À ce portrait d’unité, il faut toutefois reconnaître qu’une certaine disparité demeure dans le sursaut des alliés et ce, à deux niveaux. D’abord, les alliés varient dans leur niveau de réinvestissement en défense et dans l’ampleur du soutien accordé à l’Ukraine. Pour le président Zelensky, ceci s’explique par leurs intérêts divergents. Il s’est ainsi montré critique envers les Français, qui refusent de fournir des armes offensives « parce qu’ils ont peur de la Russie », et des Allemands, qui « font une erreur » en souhaitant ménager leurs liens économiques avec la Russie.

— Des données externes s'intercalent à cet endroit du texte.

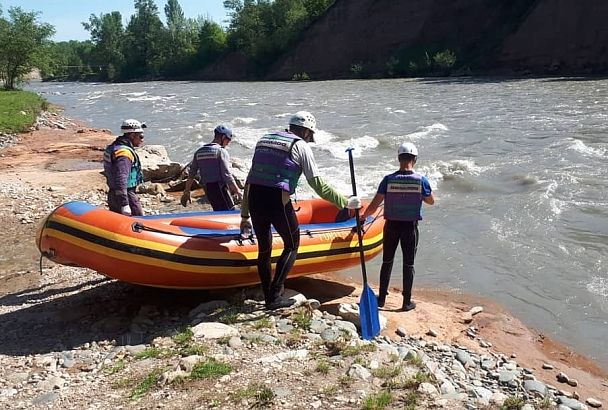 Поиски упавшего в горную реку туриста продолжаются в Адыгее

Les alliés divergent en outre sur l’issue souhaitée de la guerre. Les États-Unis et le Royaume-Uni partagent la position maximaliste de l’Ukraine : la défaite totale de la Russie. Selon le secrétaire américain à la défense, « l’Ukraine peut encore gagner la guerre » en affaiblissant durablement la Russie au point où elle ne puisse envahir ses voisins. Similairement, la secrétaire d’État britannique aux affaires étrangères soutient que la victoire de l’Ukraine – un « impératif stratégique » – nécessite de « pousser la Russie hors de l’ensemble de l’Ukraine » et de lui fournir des armes autant défensives qu’offensives aux standards de l’OTAN.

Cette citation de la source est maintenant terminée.